So who died over at Molly’s?  You’ll have to click on over to find out.

6 thoughts on “War & Peace & Death

  1. Bumbles says:

    I loved Andrei. I think he was my favorite character. Tolstoy used Andrei and Pierre to speak on all his deep thoughts of love, forgiveness, purpose, honor, duty, faith, etc. In my book I highlighted both of the passages you quote in your post. I found Andrei’s entire struggle, understanding and acceptance of death really very interesting. So his dying was not so tough to take when it did happen – I appreciated being along for his journey.

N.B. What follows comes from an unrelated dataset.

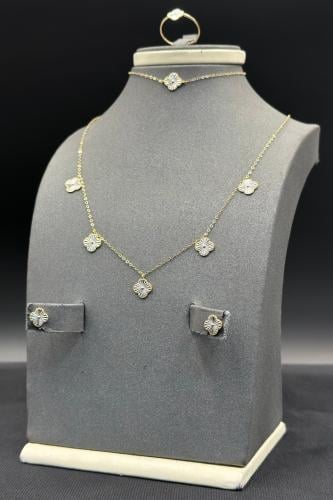 طقم وردات ذهب صافي ملون عيار 18 وزن 3.3 جرام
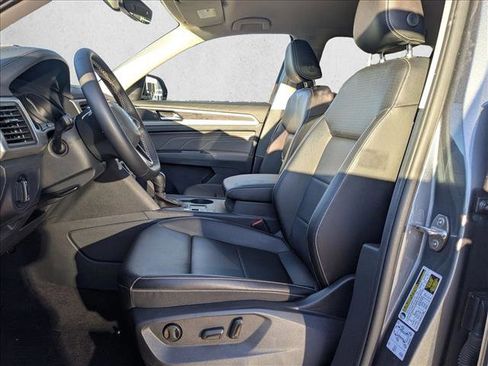 Used 2021 Volkswagen Atlas SE image 12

    I think Sonya is going to go off the deep end and do something drastic. And perhaps Maria will too. Which would be refreshing for them both. Maybe for Nikolai it will end up like The Office – where Angela delighted in seeing Dwight and Andy fight over her, and then in the end they both decided to take a pass and she was left alone.

    • stacybuckeye says:

      As much as I hated the death of Andei I did truly appreciate the journey of his last days.

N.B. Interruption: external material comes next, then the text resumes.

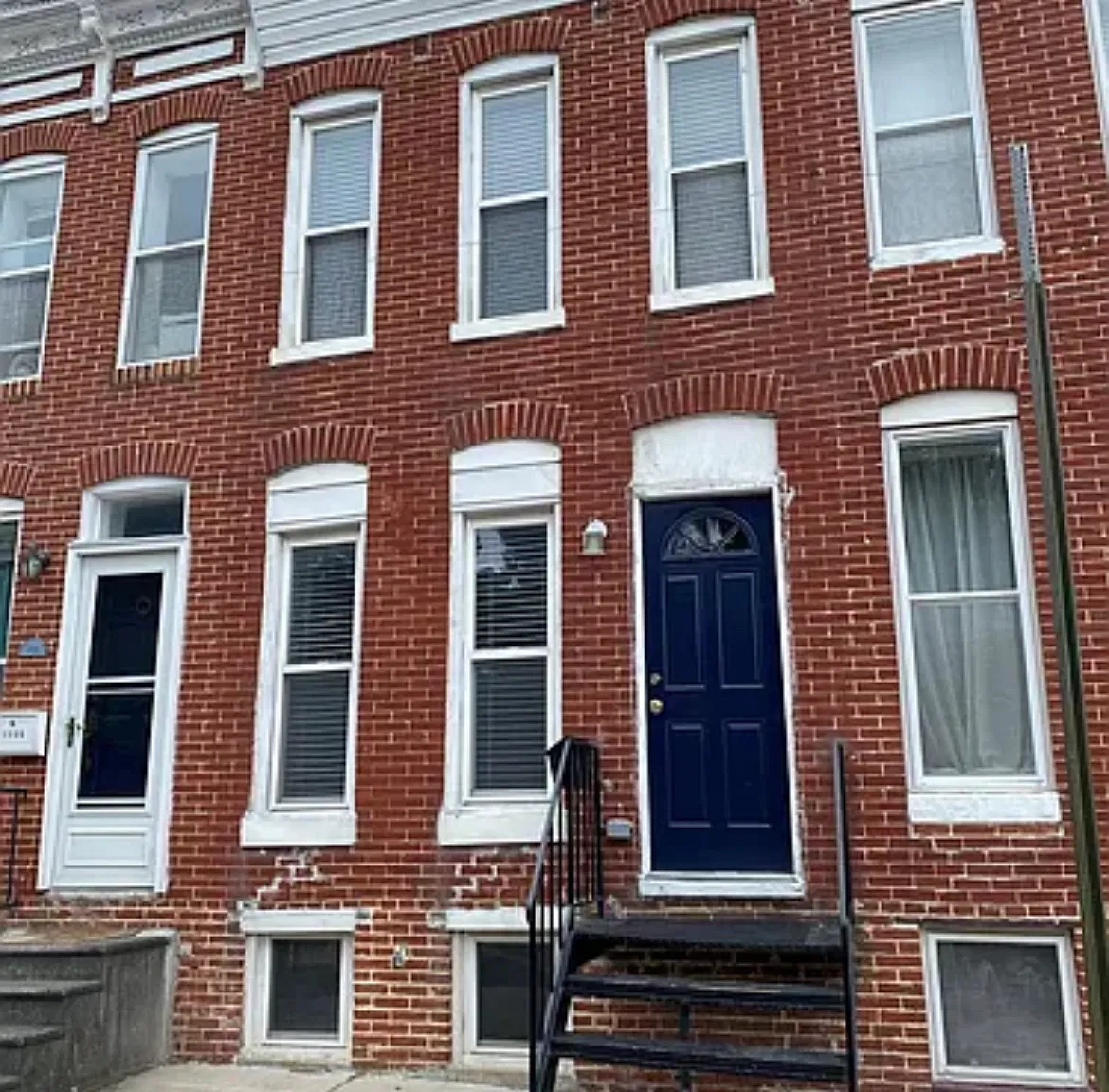 2 bed, 1040 sqft, $2,000 — Photo 1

      I can’tsee Sonya or Maria ever being truly happy. I’m not sure they have it in them. Well, Maria does seem to love Nikolai, but who knows.

  2. Margot says:

    I’m sorry you lost your Andrei. I loved the passages you quoted – they’re so moving. You and Molly are going to have me reading this thing.

  3. Dawn says:

    I admire you and Molly for tackling this! I’ve tried twice to read WAR & PEACE – once on my own, and once with a facilitated group … they say ‘the third times the charm’, maybe I should try again!